Methods: Two models, an in vitro lipopolysaccharide (LPS)-stimulated microglial cell model and a selective nerve injury model using BTX-A and SPP1 knockdown treatments, were used. Key proteins in the pyroptosis signaling pathway, NLRP3-GSDMD, were assessed using western blotting, real-time quantitative polymerase chain reaction, and immunofluorescence. Inflammatory factors [interleukin (IL)-6, IL-1β, and tumor necrosis factor (TNF)-α] were assessed using enzyme-linked immunosorbent assay. We also evaluated microglial cell proliferation and apoptosis. Furthermore, we measured pain sensation by assessing the delayed hind paw withdrawal latency using thermal stimulation.

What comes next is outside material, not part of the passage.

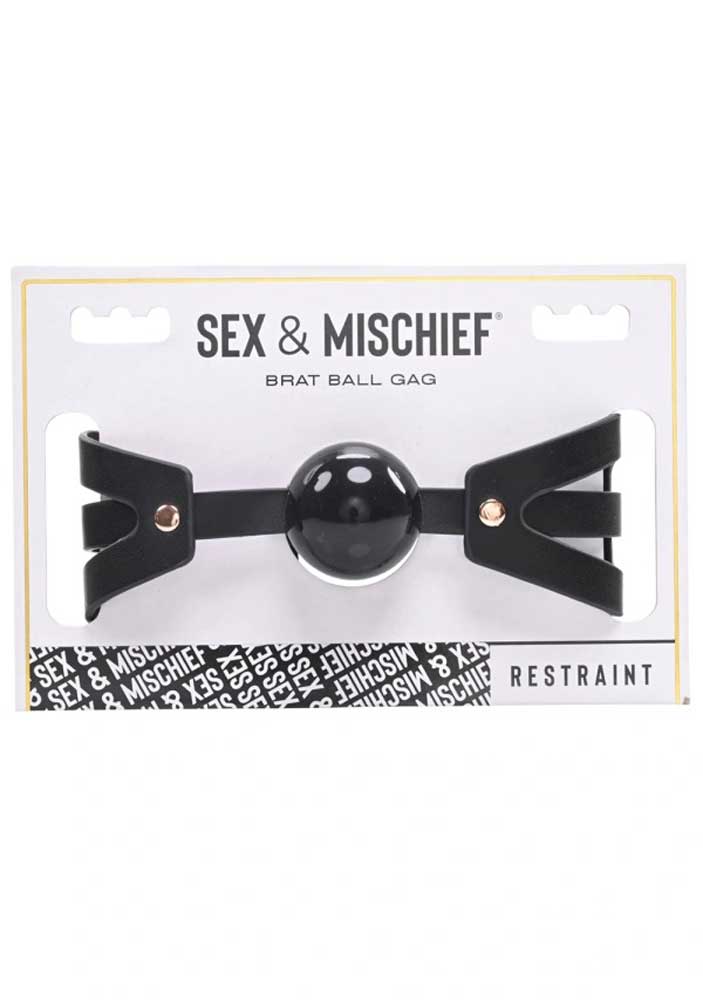 brat ball gag black rose gold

Results: The expression levels of ACS and GSDMD-N and the mRNA expression of TNF-α, IL-6, and IL-1β were enhanced in LPS-treated microglia. Furthermore, SPP1 expression was also induced in LPS-treated microglia. Notably, BTX-A inhibited SPP1 mRNA and protein expression in the LPS-treated microglia. Additionally, depletion of SPP1 or BTX-A inhibited cell viability and induced apoptosis in LPS-treated microglia, whereas co-treatment with BTX-A enhanced the effect of SPP1 short hairpin (sh)RNA in LPS-treated microglia. Finally, SPP1 depletion or BTX-A treatment reduced the levels of GSDMD-N, NLPRP3, and ASC and suppressed the production of inflammatory factors.

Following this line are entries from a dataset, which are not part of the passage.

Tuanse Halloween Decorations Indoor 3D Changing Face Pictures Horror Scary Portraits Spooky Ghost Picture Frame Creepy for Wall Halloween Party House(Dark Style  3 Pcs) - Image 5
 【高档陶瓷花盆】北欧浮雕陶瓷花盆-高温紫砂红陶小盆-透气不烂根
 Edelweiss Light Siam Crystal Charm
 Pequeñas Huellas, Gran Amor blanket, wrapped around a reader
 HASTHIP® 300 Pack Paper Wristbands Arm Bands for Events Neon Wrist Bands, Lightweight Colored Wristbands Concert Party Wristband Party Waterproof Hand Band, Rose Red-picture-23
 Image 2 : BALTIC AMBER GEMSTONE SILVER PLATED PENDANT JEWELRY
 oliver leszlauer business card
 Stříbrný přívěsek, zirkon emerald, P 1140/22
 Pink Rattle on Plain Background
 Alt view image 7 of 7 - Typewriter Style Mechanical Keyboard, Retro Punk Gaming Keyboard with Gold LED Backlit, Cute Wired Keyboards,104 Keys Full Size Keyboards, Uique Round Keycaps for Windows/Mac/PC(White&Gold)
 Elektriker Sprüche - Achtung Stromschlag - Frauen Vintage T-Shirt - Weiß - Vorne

Conclusion: Notably, BTX-A therapy and SPP1 shRNA enhance microglial proliferation and apoptosis and inhibit microglial death. It improves pain perception and inhibits microglial activation in rats with selective nerve pain.

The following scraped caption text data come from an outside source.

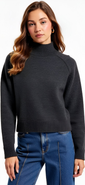 Modenaire Mock Neck Raglan Sleeve Wide Ribbed Hem Sweater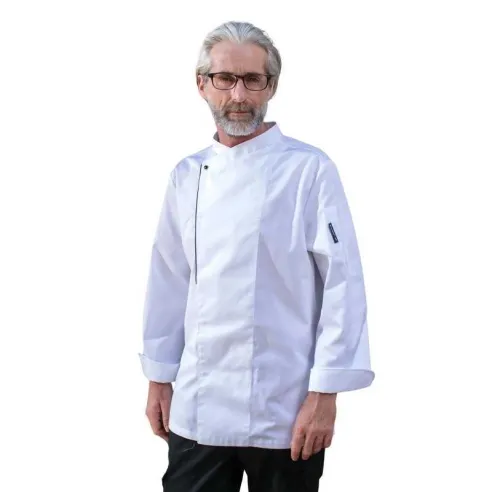 Gabacha Ejecutiva de Manga Larga de Color Blanca con Borde Negro Talla S CHECKEDOUT CU110C0201A-S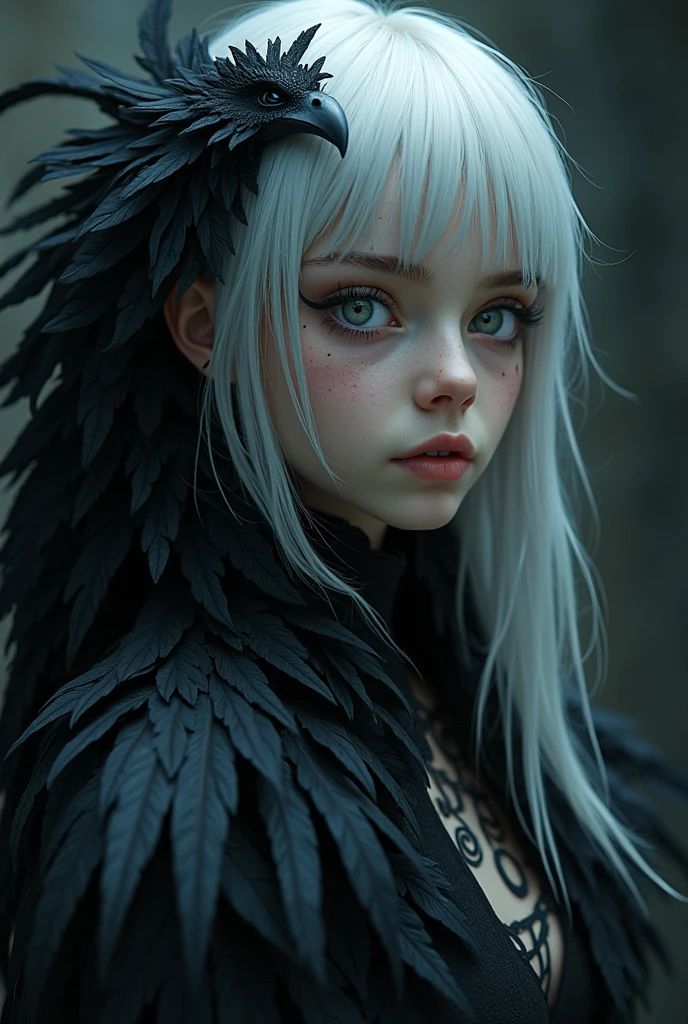 Young female human face, eye white, white  hair, monstrous with black feathers, dark anime, spiral tattoos, covered in black feathers all over the body
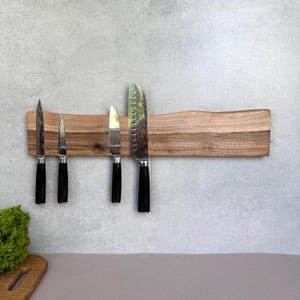 Handmade Walnut Knife Holder – Magnetic Knife Rack with Live Edge, Wall Mount Storage, Kitchen Organization, Natural Wood Accent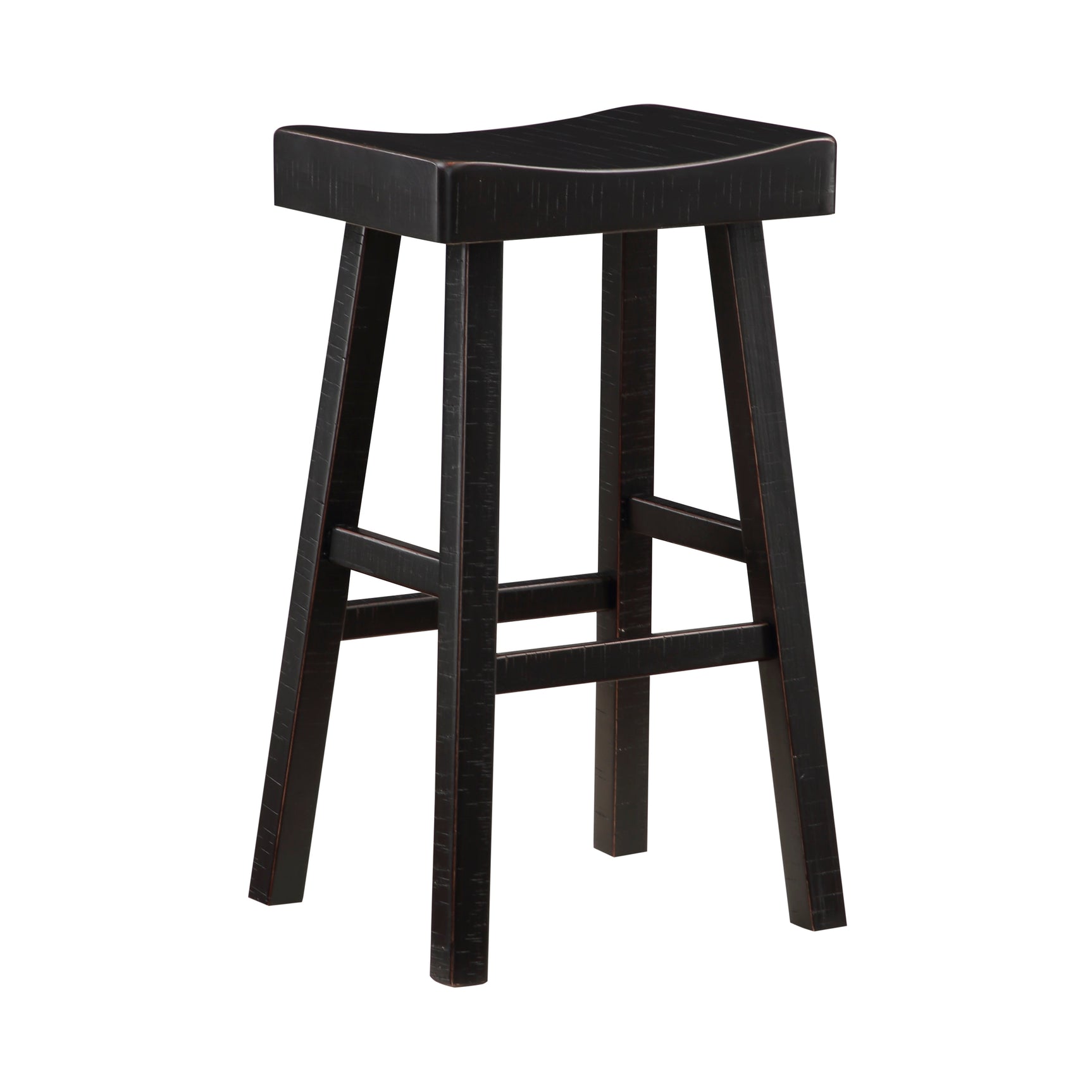 Caspian Black Pub Height Stool (Set of 2) - Ornate Home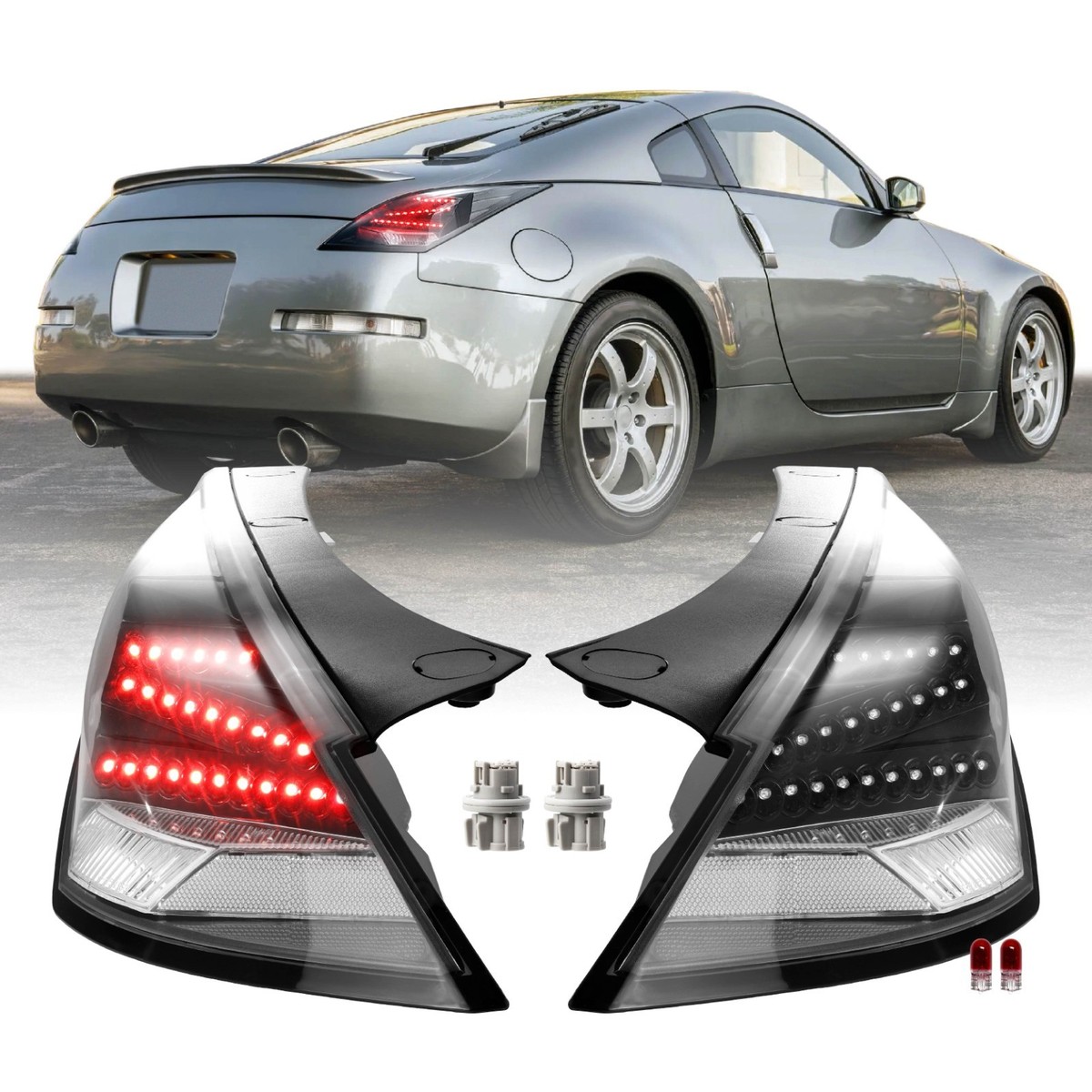 MONOCHROME Black/Clear Z Shape LED Tail Lights + Sockets For 06-09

Keywords: Botulinum toxin A; Microglia; Neuropathic pain; Pyroptosis; SPP1.

Figure 1

SPP1 and pyroptosis are activated in lipopolysaccharide-induced microglia. A-E: The microglia were treated with lipopolysaccharide. The expression of ACS, GSDMD, and GSDMD-N was measured by western blot (A). The levels of tumor necrosis factor-α, interleukin (IL)-6, and IL-1β were detected by quantitative real-time polymerase chain reaction (B-D). The expression of SPP1 was analyzed by quantitative real-time polymerase chain reaction (E). ^aP < 0.001. LPS: Lipopolysaccharide; TNF: Tumor necrosis factor; IL: Interleukin; NC: Negative control.

Figure 2

SPP1 targeted by botulinum toxin type A promotes proliferation and represses apoptosis of lipopolysaccharide-induced microglia. A-E: Lipopolysaccharide-treated microglia were treated with control short hairpin RNA (shRNA) or SPP1 shRNA, or co-treated with botulinum toxin type A. The expression of SPP1 was analyzed by quantitative real-time polymerase chain reaction (A). The expression of SPP1 was measured by western blot (B). Cell viability was detected by cell counting kit-8 assay (C). Cell apoptosis was examined by flow cytometry (D and E). ^aP < 0.05, ^bP < 0.01, ^cP < 0.001. BTX-A: Botulinum toxin type A.

Figure 3

SPP1 targeted by botulinum toxin type A contributes to pyroptosis of lipopolysaccharide-induced microglia. A-F: Lipopolysaccharide-treated rat microglia were treated with control short hairpin RNA (shRNA) or SPP1 shRNA, or co-treated with botulinum toxin type A. The expression of GSDMD-N was measured by western blot (A). The levels of NLRP3 and ASC were detected by immunofluorescence (B and C). The levels of tumor necrosis factor-α, interleukin (IL)-6, and IL-1β were analyzed by enzyme-linked immunosorbent assay (D-F). ^aP < 0.05, ^bP < 0.01, ^cP < 0.001. TNF: Tumor necrosis factor; IL: Interleukin; BTX-A: Botulinum toxin type A.

Figure 4

SPP1 targeted by botulinum toxin type A enhances microglia pyroptosis during neuropathic pain induced by spared nerve injury in rat. A-G: The spared nerve injury model was established in SD rats and the rats were treated with control short hairpin RNA (shRNA) or SPP1 shRNA, or co-treated with botulinum toxin type A. The mechanical withdrawal threshold and thermal withdrawal latency were analyzed in the rats (A and B). The expression of SPP1, ACS, and GSDMD-N was measured by western blot in spinal cord of the rats (C). The levels of IBA1 and SPP1 were detected by immunofluorescence in spinal cord of the rats (D). The levels of tumor necrosis factor-α, interleukin (IL)-6, and IL-1β were analyzed by enzyme-linked immunosorbent assay (E-G). ^aP < 0.05, ^bP < 0.01, ^cP < 0.001. TNF: Tumor necrosis factor; IL: Interleukin; BTX-A: Botulinum toxin type A.